The matrices \(G^{t} G\) and \(H^{t} H\) appearing in the dual formulation (4) and (5) may be singular. To avoid the possible ill conditioning, the inverse matrices \((G^{t} G)^{-1}\) and \((H^{t} H)^{-1}\) are approximately replaced by \((G^{t} G+\delta I)^{-1}\) and \((H^{t} H+\delta I)^{-1}\), where \(\delta\) is a very small positive scalar and I is an identity matrix of appropriate dimensions.

Thus the nonparallel proximal hyperplanes are obtained from the solution \(u_1\) and \(u_2\) of (4) and (5) by

$$\begin{aligned} \left[ \begin{array}{l} {w_1}\\ {b_1} \end{array} \right] = - {\left( {{G^t}G + \delta I} \right) ^{ - 1}}{H^t}u_1 \quad \text{ and } \quad \left[ \begin{array}{l} {w_2}\\ {b_2} \end{array} \right] = {\left( {{H^t}H + \delta I} \right) ^{ - 1}}{G^t}u_2. \end{aligned}$$
(6)

The dual problems (4) and (5) are derived and solved in [14]. Experimental results of Jayadeva et. al. [14] show that the performance of TWSVM is better than the conventional SVM and GEPSVM on UCI machine learning datasets.

3 Proposed Newton method for implicit Lagrangian twin support vector machines (NLTSVM)

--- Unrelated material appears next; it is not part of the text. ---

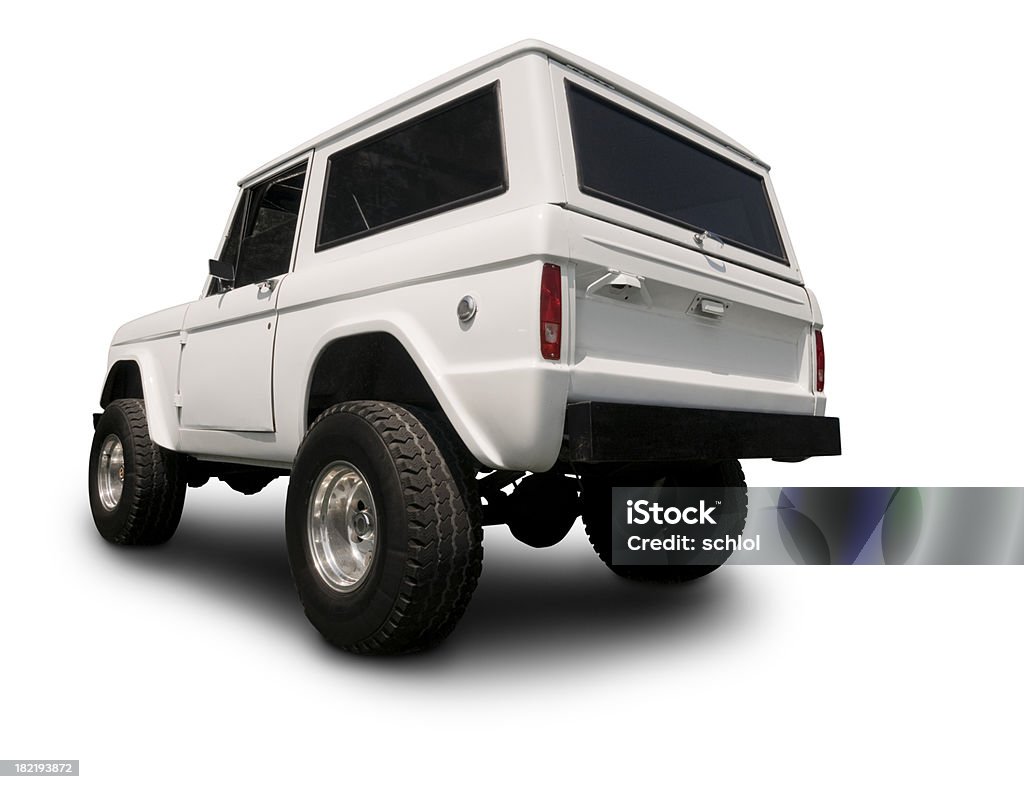 Vintage 4x4 Bronco SUV A vintage 4x4 Ford Bronco from the early 1970's.Clipping path on vehicle. Bucking Bronco Stock Photo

Motivated by the works of [11, 24, 37], we proposed in this paper an implicit Lagrangian formulation for the twin support vector machine (TWSVM) classifiers by formulating a pair of unconstrained minimization problems in dual variables whose solutions will be obtained using finite Newton method. The idea of our NLTSVM is to reformulate TWSVM as a strongly convex problem by incorporated regularization techniques to improve the training speed and robustness. The solution of two modified unconstrained minimization problems reduces to solving just two systems of linear equations as opposed to solving two quadratic programming problems in TWSVM and TBSVM, which leads to extremely simple and fast algorithm.

3.1 Linear case

Different from TWSVM, the primal problems of TWSVM (2) and (3) are modified as follows:

$$\begin{aligned}\begin{array}{ll} \mathop {\min }\limits _{(w_{1}, b_{1}) \in R^{n+1}} & \frac{1}{2} \, \left\| Aw_{1} +e_{2}b_{1} \right\| ^{2} +\frac{C_{1} }{2} \left\| \xi _{1} \right\| ^{2} +\frac{C _{3} }{2} \left\| \left[ \begin{array}{ll} {w_{1} } \\ {b_{1} } \end{array}\right] \right\| ^{2} \\ s.t.& -\left( Bw_{1}+e_{1} b_{1} \right) +\xi _{1} \ge e_{1} ,\end{array} \end{aligned}$$
(7)
$$\begin{aligned}\begin{array}{ll} \mathop {\min }\limits_{(w_{2},b_2)\in R^{n+1}} & \frac{1}{2} \, \left\| Bw_{2} +e_{1}b_{2} \right\| ^{2} +\frac{C_{2} }{2} \left\| \xi _{2} \right\| ^{2}+\frac{C _{4} }{2} \left\| \left[ \begin{array}{l} {w_{2} } \\{b_{2} } \end{array}\right] \right\| ^{2} \\s.t.& \left( Aw_{2} +e_{2} b_{2} \right) +\xi _{2} \ge e_{2} .\end{array} \end{aligned}$$
(8)

Note that there are three terms in the objective functions of (7) and (8). The first term in the objective function of (7) or (8) is the sum of squared distances from the hyperplane to points of one class. Therefore, minimizing it tends to keep the hyperplane close to points of one class (say positive class). The constraints require the hyperplane to be at a distance of atleast 1 from points of the other class (say negative class). The second term is the sum of error variables related with the constraints, requiring the distances from the two hyperplanes to points in the other class to be one or greater. The third term is a regularization term that is similar to [6, 23, 37, 40, 41] which make the objective functions strongly convex. Thus, it has a unique global optimal solution.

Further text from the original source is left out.